--- Data for this exercise Enclosed Below ---
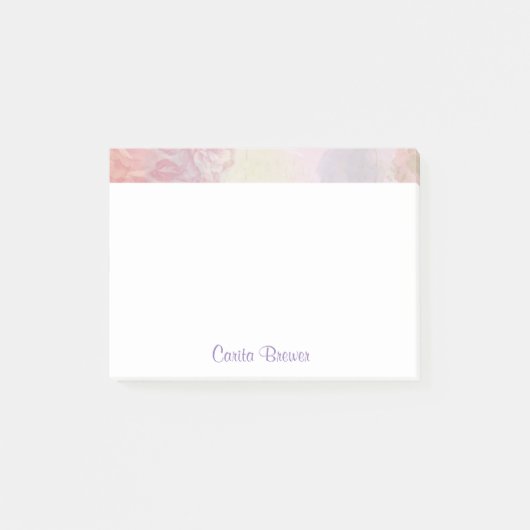 Monogrammed Floral Post-it Notes (Voorkant)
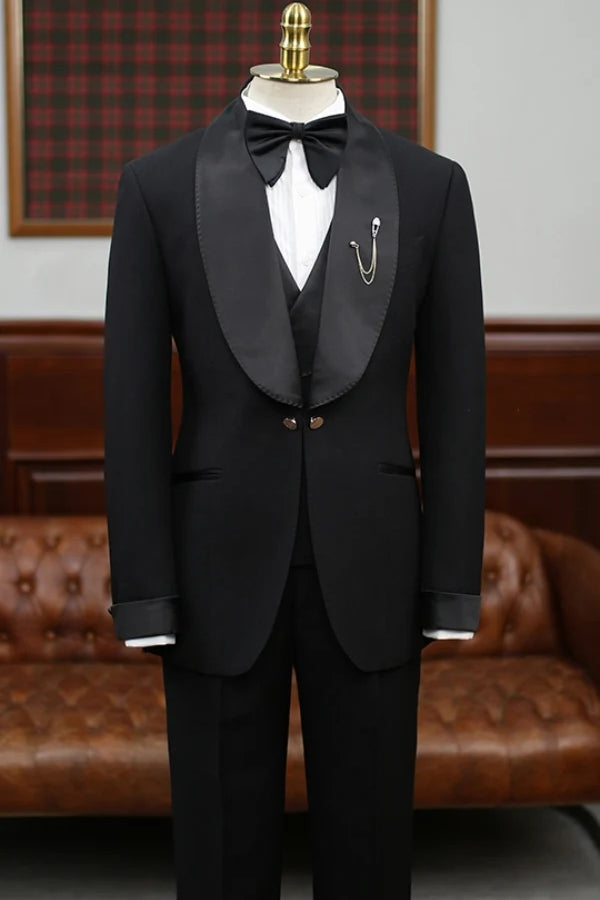 Chic Black Shawl Lapel Close Fitting Wedding Men Suits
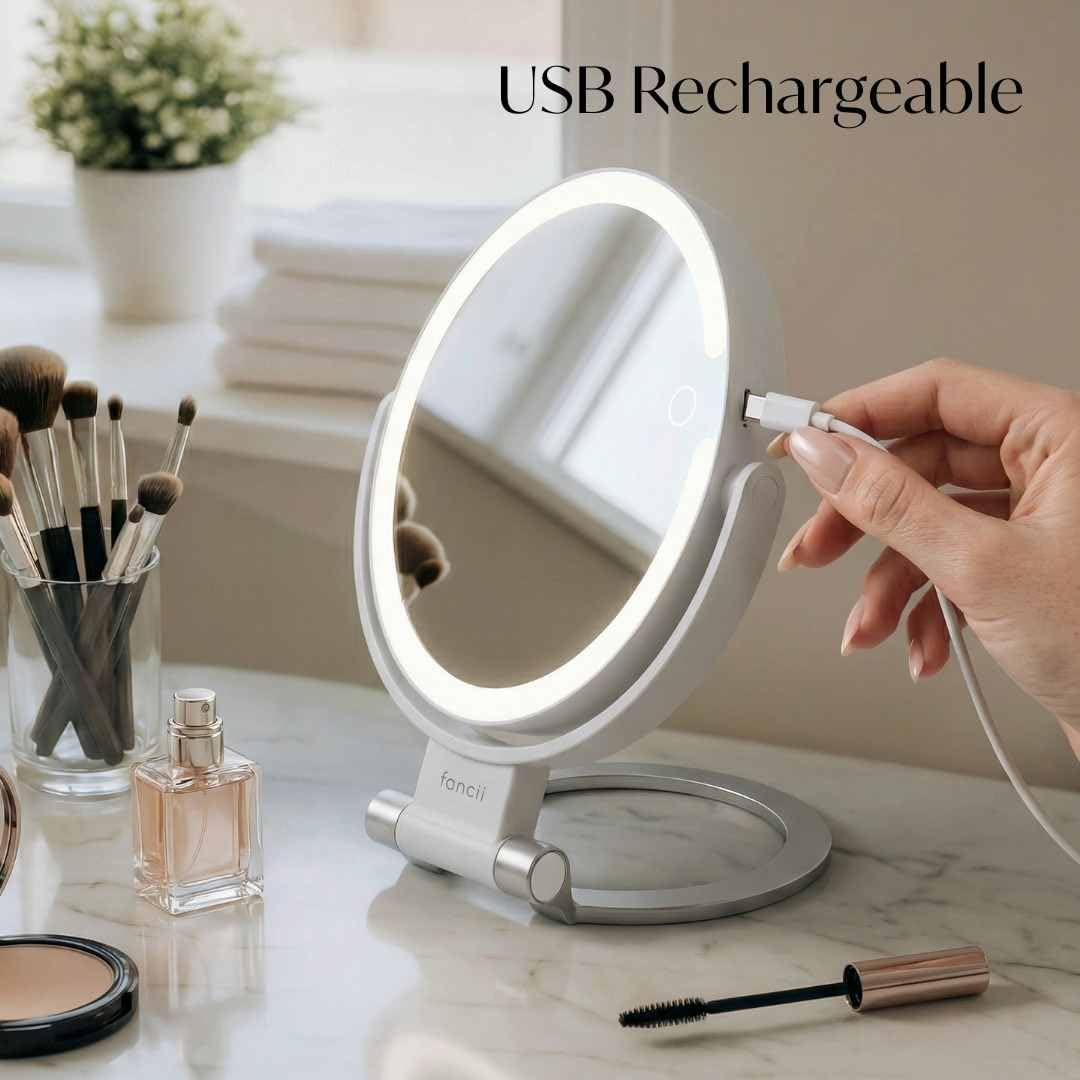 Fancii Sadie travel-friendly vanity mirror ready for hotel bathrooms.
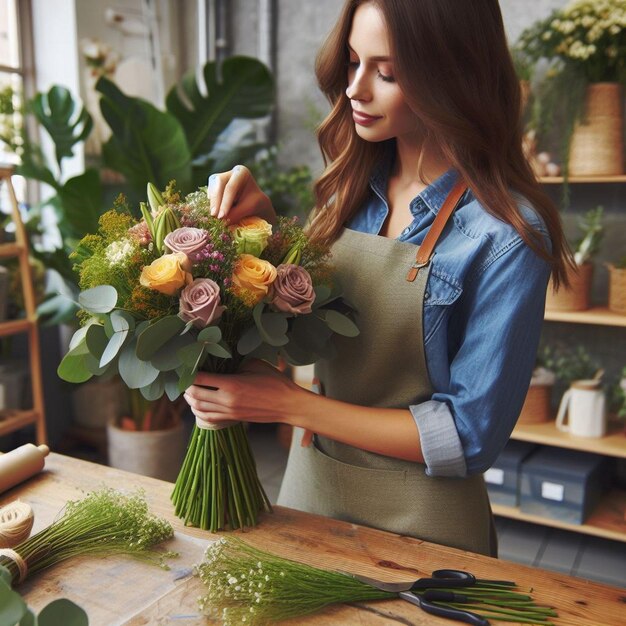 Photo woman making a flower bouquet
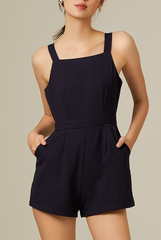 Danelyn Square Neck Romper in Navy Blue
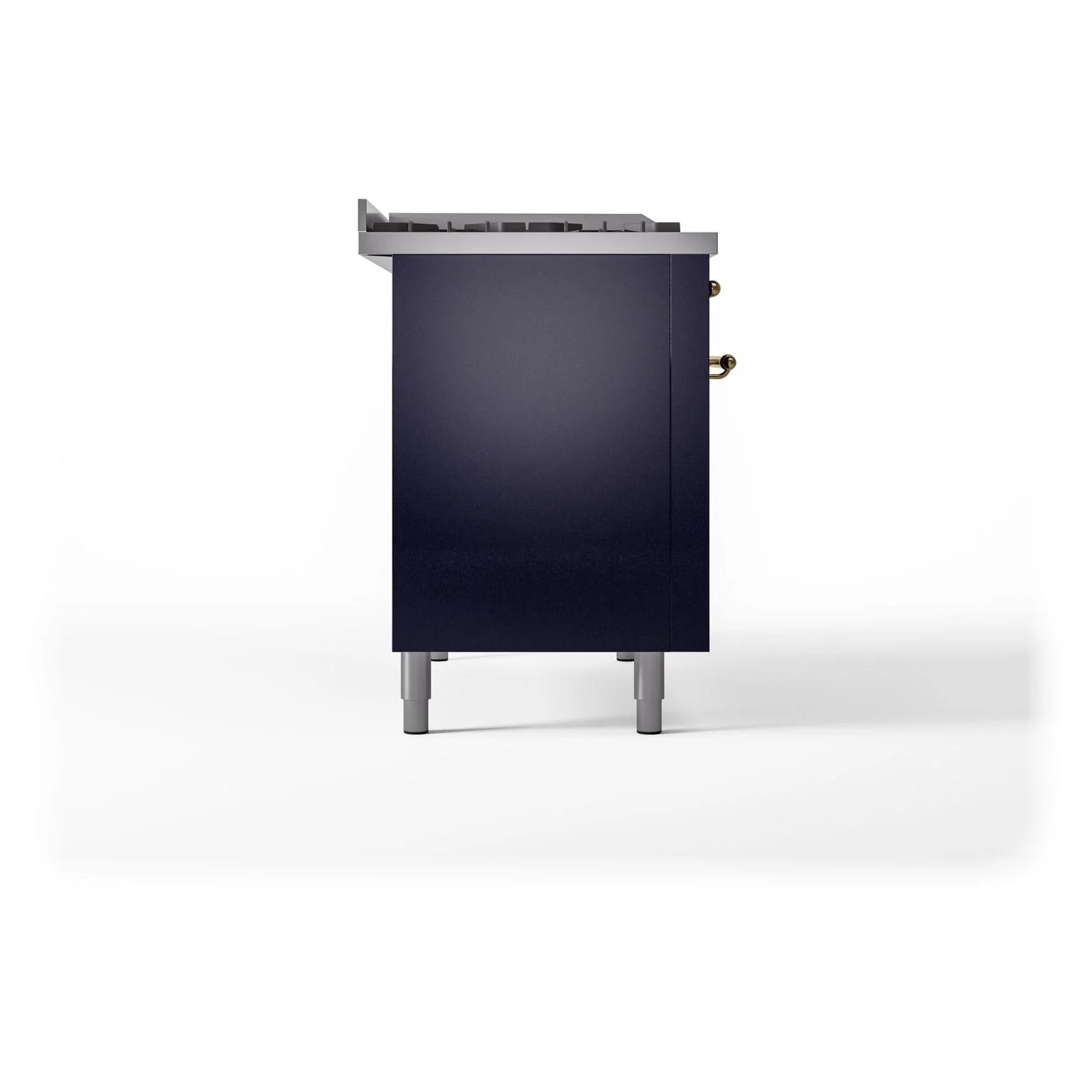 ILVE Nostalgie II 48-Inch Natural Gas Dual Fuel Range with 5 Burners, Griddle, & French Top with Triple Glass Door Oven in Midnight Blue with Brass Trim (UP48FSNMPMBG) - Image 9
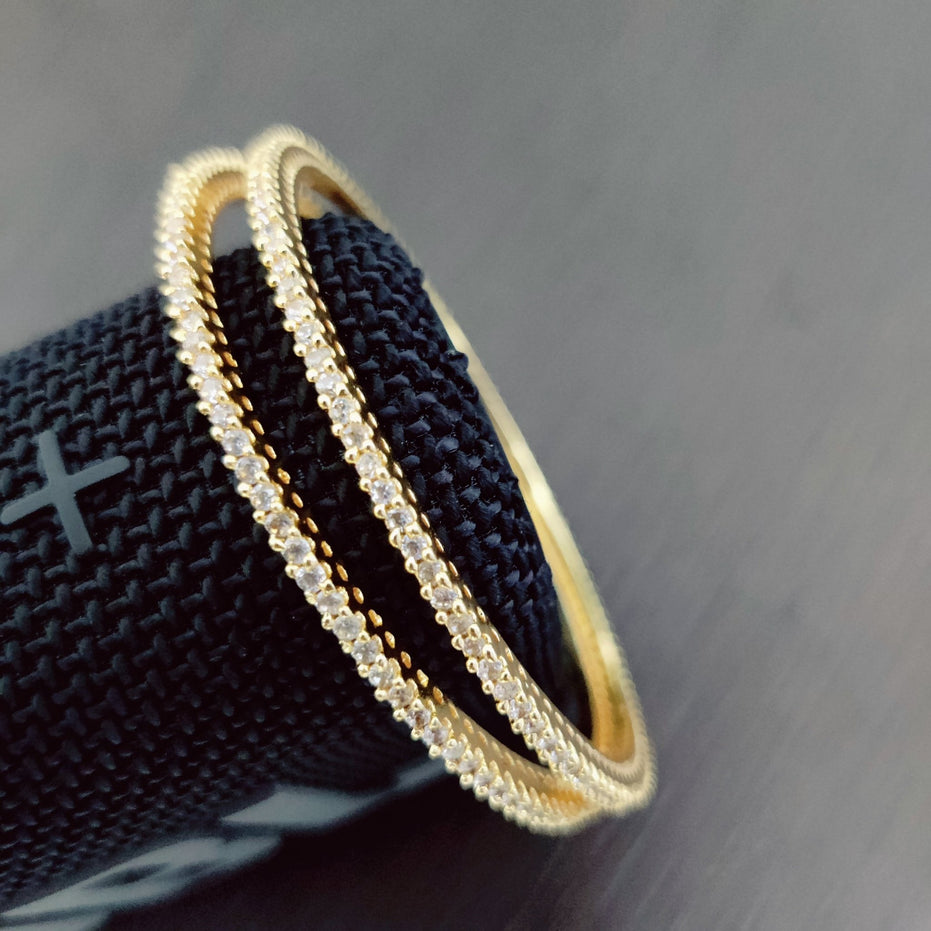 Opal Touch - Elegant Gold plated Bangles (Pack of 2) - Bangles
--- End of Enclosed Data for this exercise ---
What you are asked to do:
Except for the pictures, write the data out exactly.

Answer box:
 Monogrammed Floral Post-it Notes (Voorkant)
 Chic Black Shawl Lapel Close Fitting Wedding Men Suits
 Fancii Sadie travel-friendly vanity mirror ready for hotel bathrooms.
 Photo woman making a flower bouquet
 Danelyn Square Neck Romper in Navy Blue
 ILVE Nostalgie II 48-Inch Natural Gas Dual Fuel Range with 5 Burners, Griddle, & French Top with Triple Glass Door Oven in Midnight Blue with Brass Trim (UP48FSNMPMBG) - Image 9
 Opal Touch - Elegant Gold plated Bangles (Pack of 2) - Bangles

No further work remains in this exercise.